沖縄県の自動車保険は今も安いのか
沖縄県の自動車保険は安いという話を聞いたことありませんか。
沖縄県で使用する車の保険は「沖縄料率」と呼ばれる料率が適用されるので、本土に比べて保険料がかなり安いというものです。
たしかに以前はかなり安かったと聞いています。でも、今も本当に安いままなのでしょうか。調べてみましたので紹介したいと思います。
<目次>
沖縄県の自賠責保険は安い
自賠責の保険料は下表のとおり、「離島以外の地域(沖縄県を除く)」「離島」「沖縄本島」「沖縄離島」の4つの地域ごとに設定されています。任意保険とは違い、車種や免許の色などで保険料が変わることはありません。
ご覧のとおり、「沖縄」と「離島」の保険料はかなり安くなっています。「離島以外の地域(沖縄県を除く)」と比べて半分以下ですから、かなり大きな差です。
保険料というのは、基本的には過去のデータを基に設定されます。つまり、これだけ保険料に差があるということは、おそらく事故の数や保険金支払額が少ないんだろうと思いますよね。
そこでデータを探してみたところ、損害保険料率算出機構のサイト内の「自賠責保険統計」の資料の中に都道府県別統計表がありました。

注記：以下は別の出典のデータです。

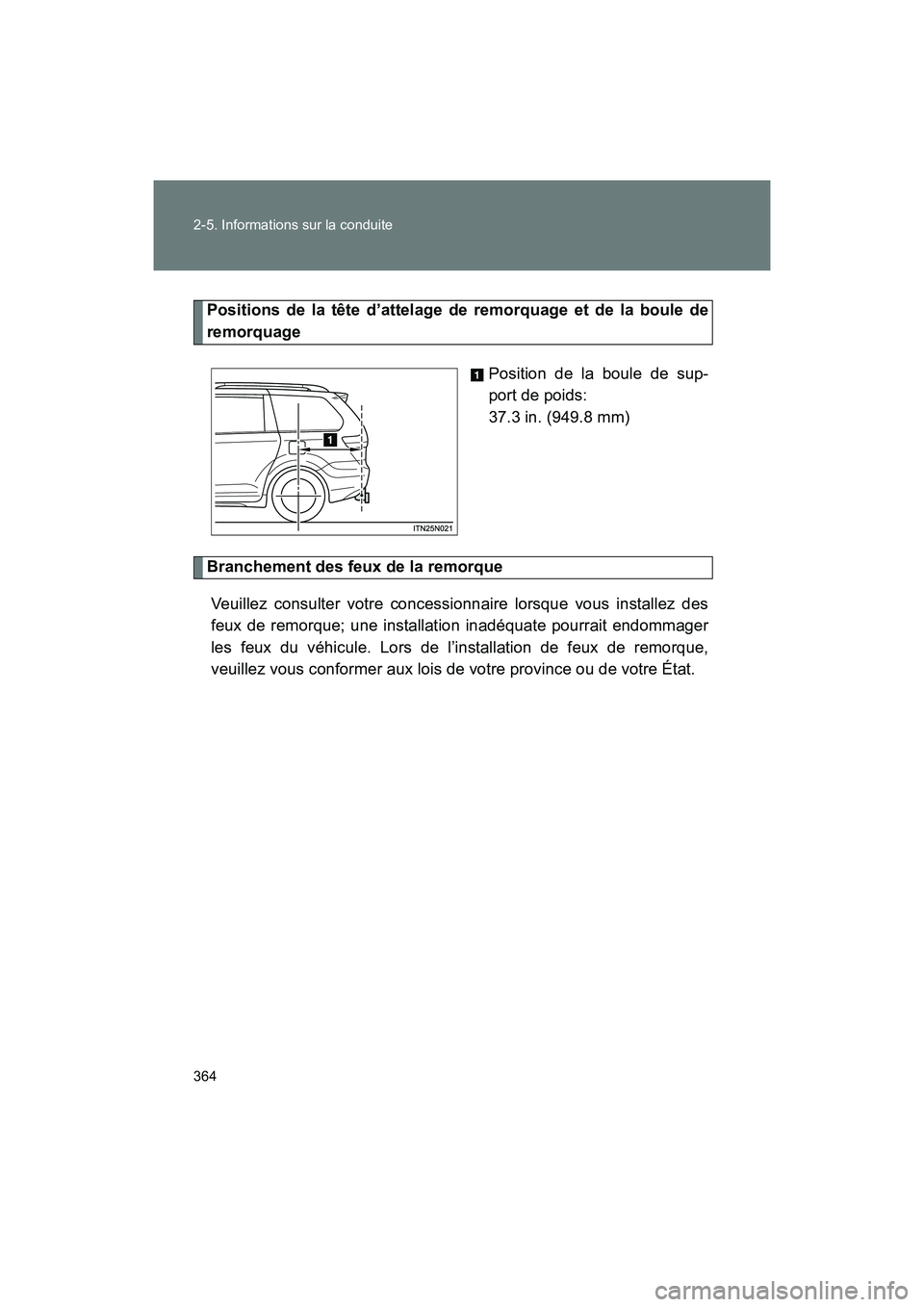 TOYOTA SIENNA 2012 Manuel du propriétaire (in French) 364 2-5. Informations sur la conduite
SIENNA_D (OM45467D)
Positions de la tête d’attelage de remorquage et de la boule de
remorquagePosition de la boule de sup-
port de poids:
37.3 in. (949.8 mm)
TOYOTA SIENNA 2012 Manuel du propriétaire (in French) 364 2-5. Informations sur la conduite
SIENNA_D (OM45467D)
Positions de la tête d’attelage de remorquage et de la boule de
remorquagePosition de la boule de sup-
port de poids:
37.3 in. (949.8 mm)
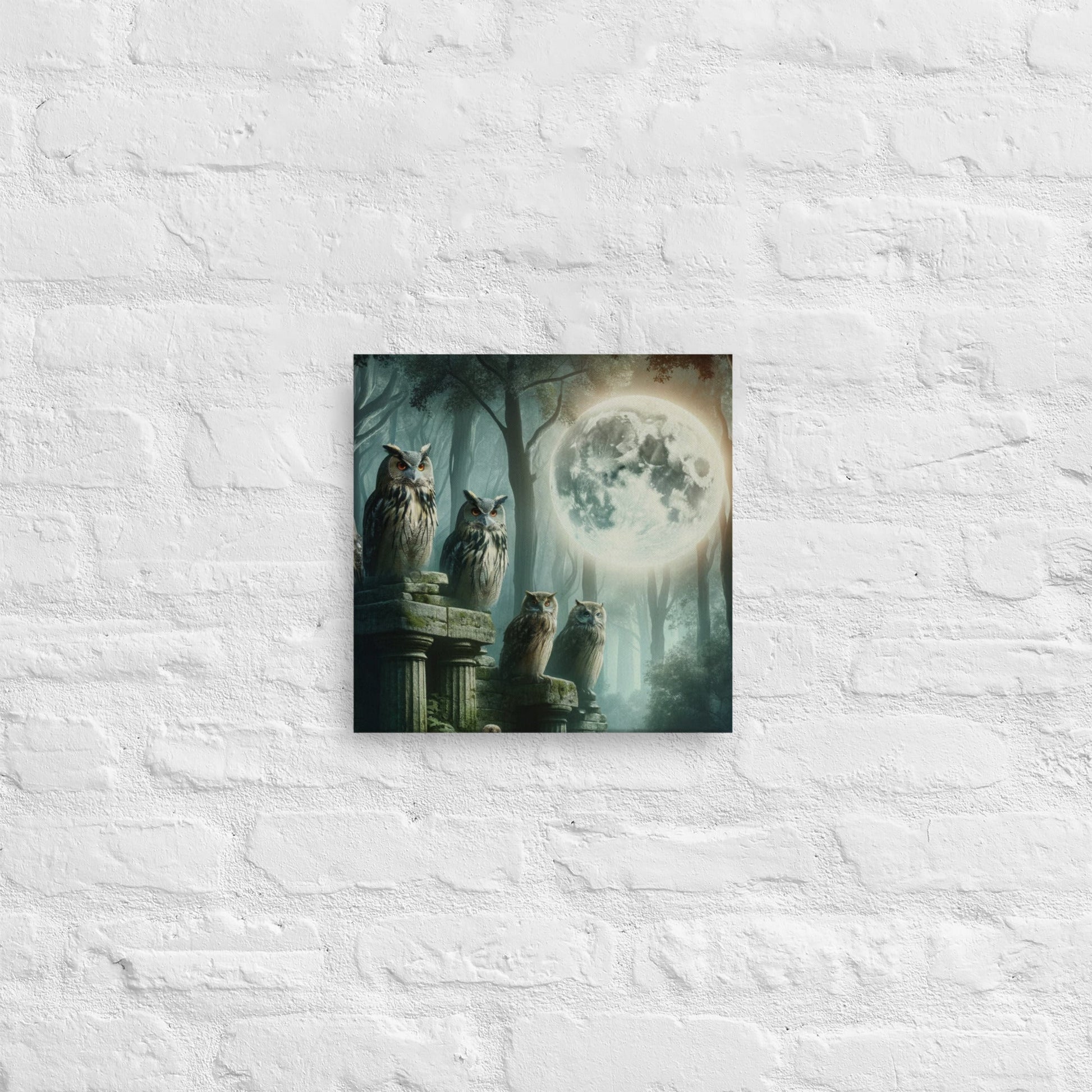 Majestic Owl Council Canvas: Enchanting Nature Wall Art - Stunning Wildlife Painting for Home Decor - Nourishment Tapestry
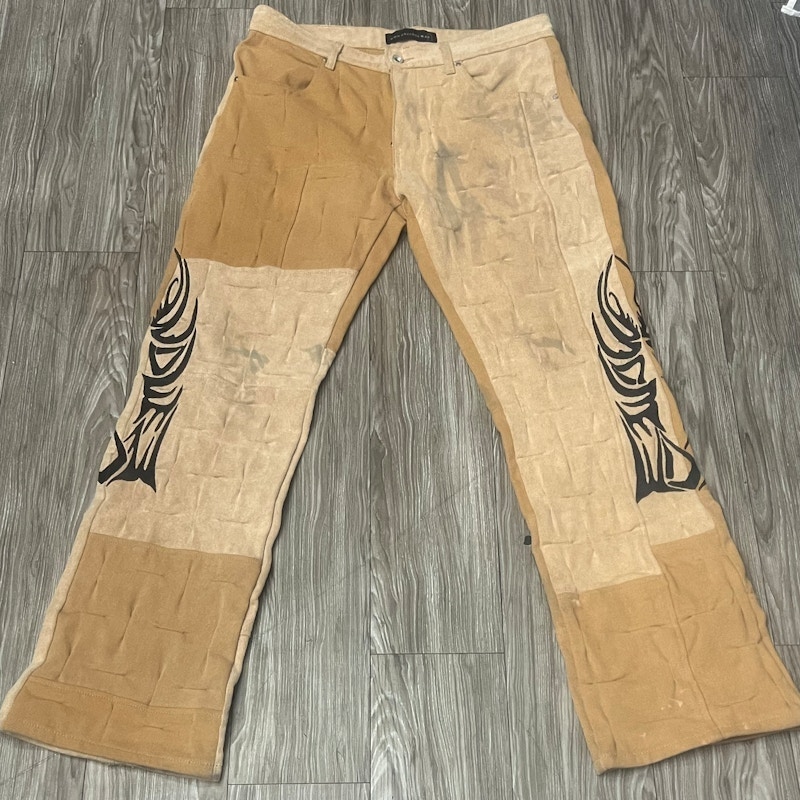 Tribal Print Patchwork Pants Brown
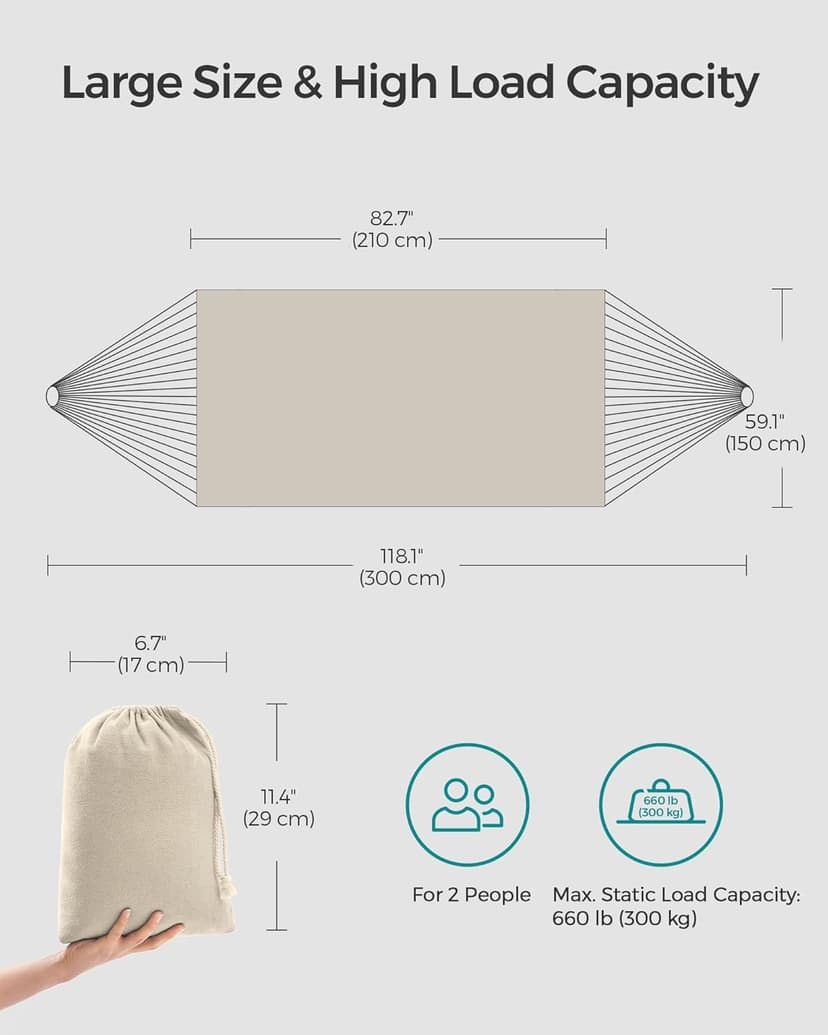 SONGMICS Double Hammock, 98.4 x 59.1 Inches, 660 lb Load Capacity, with Compression Bag, Mounting Straps, Carabiners, for Terrace, Balcony, Garden, Outdoor, Camping, Beige UGDC15M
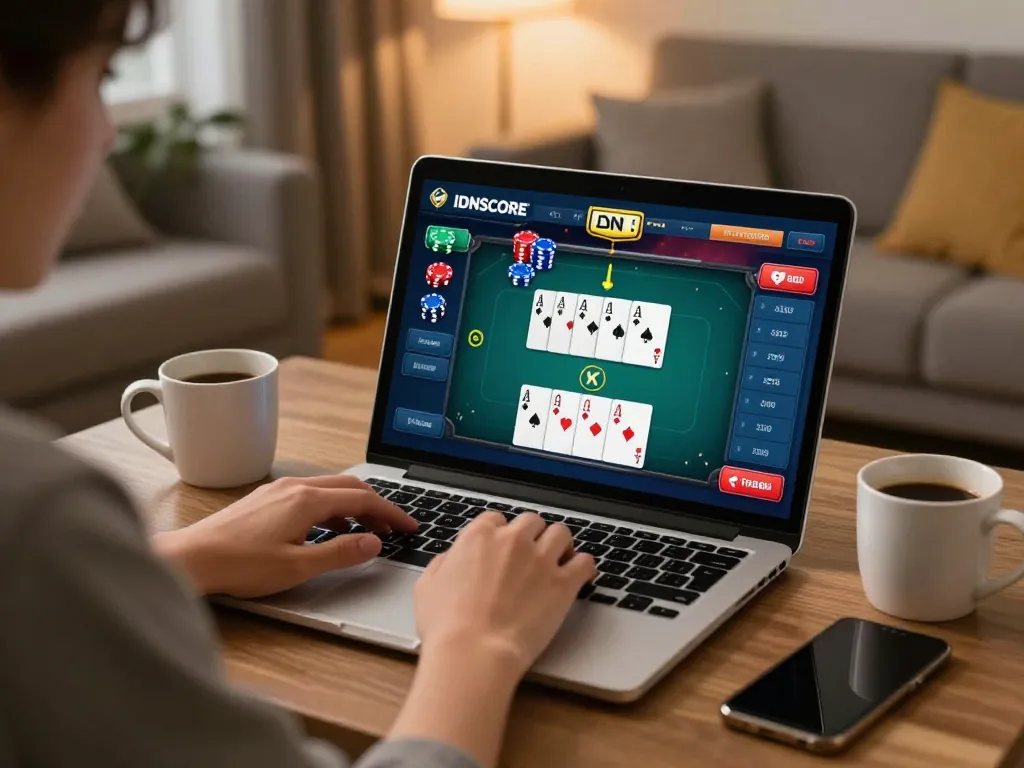 IDNSCORE online poker gameplay with player focusing on strategy and decision-making in a comfortable setting.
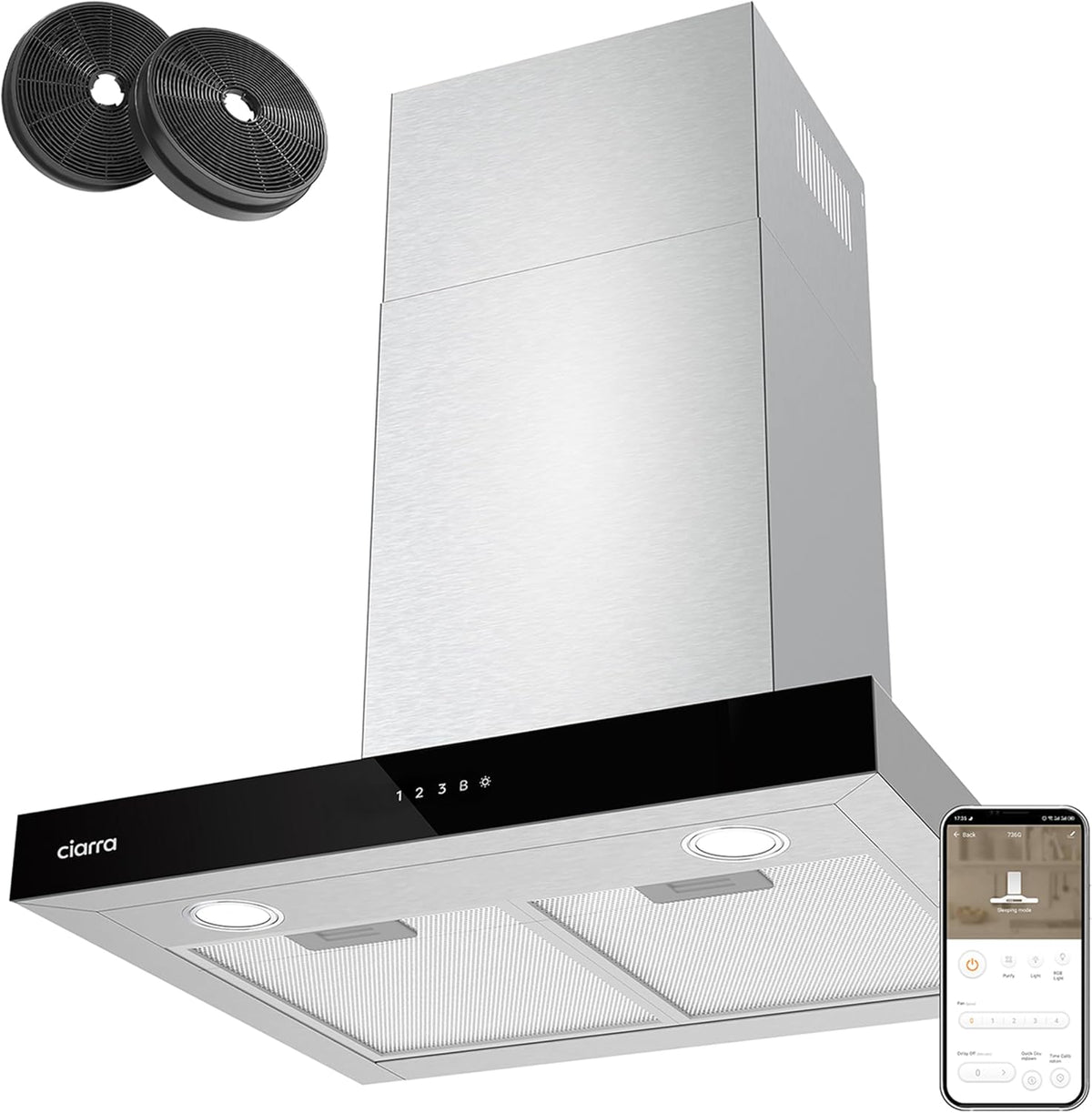 Ciarra Hotte Aspirante 60cm A+++ 650 m3/h, 4 Vitesses et Boost, Silencieuse, Commande Tactile et WiFi, Éclairage LED Réglable - Inox - CBCS6102
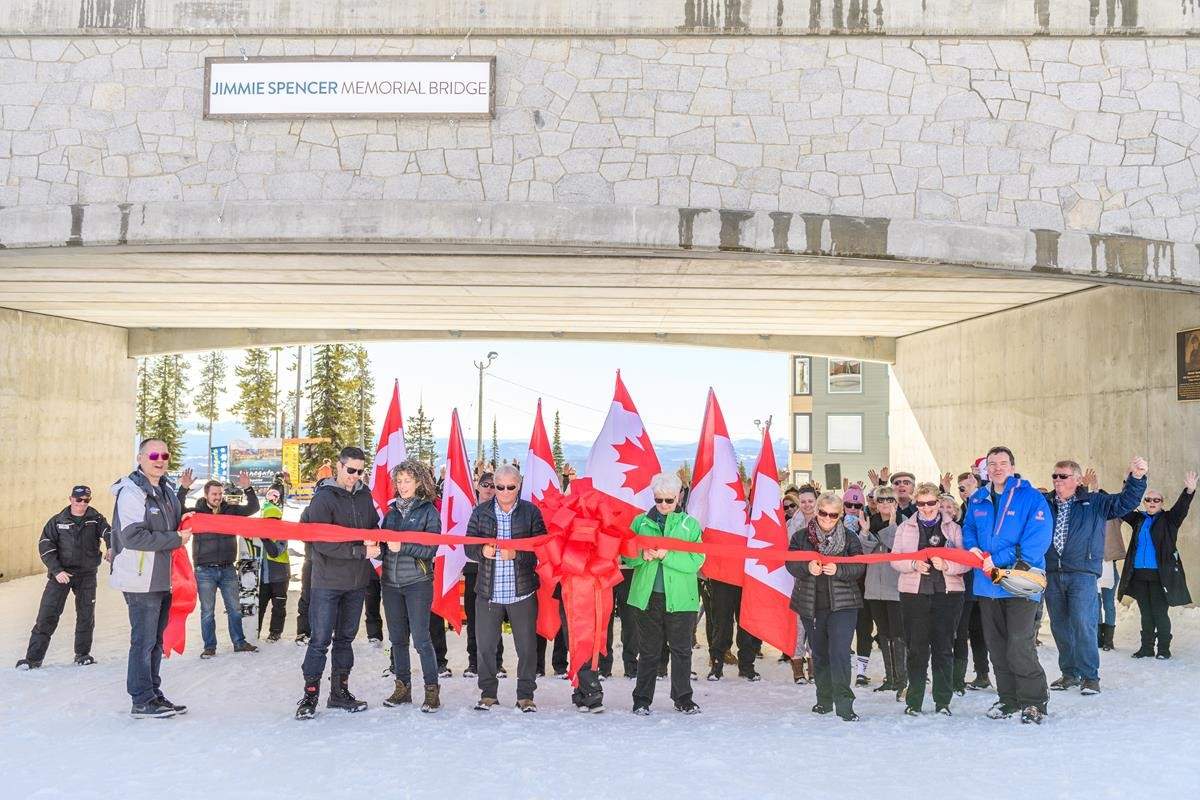 The ceremony to officially name a bridge at Big White Ski Resort after Jimmie Spencer.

さっそくデータをチェックしてみたのですが驚きました。
沖縄県の純保険料(保険料のうち保険金支払に割り当てる部分)が、「3,439,403千円」に対して、保険金支払が「5,404,978千円」で大赤字なのです。(離島も同様でした)
たまたまこの年だけということも考えられますので、2011年度までさかのぼってチェックしてみましたが、すべての年度で純保険料よりも保険金支払額が大幅に上回っていました。
つまり、事故率や保険金支払額は、沖縄県の保険料が安い理由ではないということなのです。
なぜ沖縄の保険料は安いのか
沖縄料率が低水準である理由について調べてみましたが、
残念ながら、はっきりとしたことは分かりませんでした。
某保険会社に問い合わせてみても、このようなはっきりしない回答。
弊社では損害保険料率算出機構が算出している「参考純率」を基にして保険料を決めています。この設定は保険料や支払保険金の実績に基づいて決められています。沖縄の保険料が安い理由としては、本土に比べリスクが低いこと、走行範囲が島内と限られていることなどが考えられます。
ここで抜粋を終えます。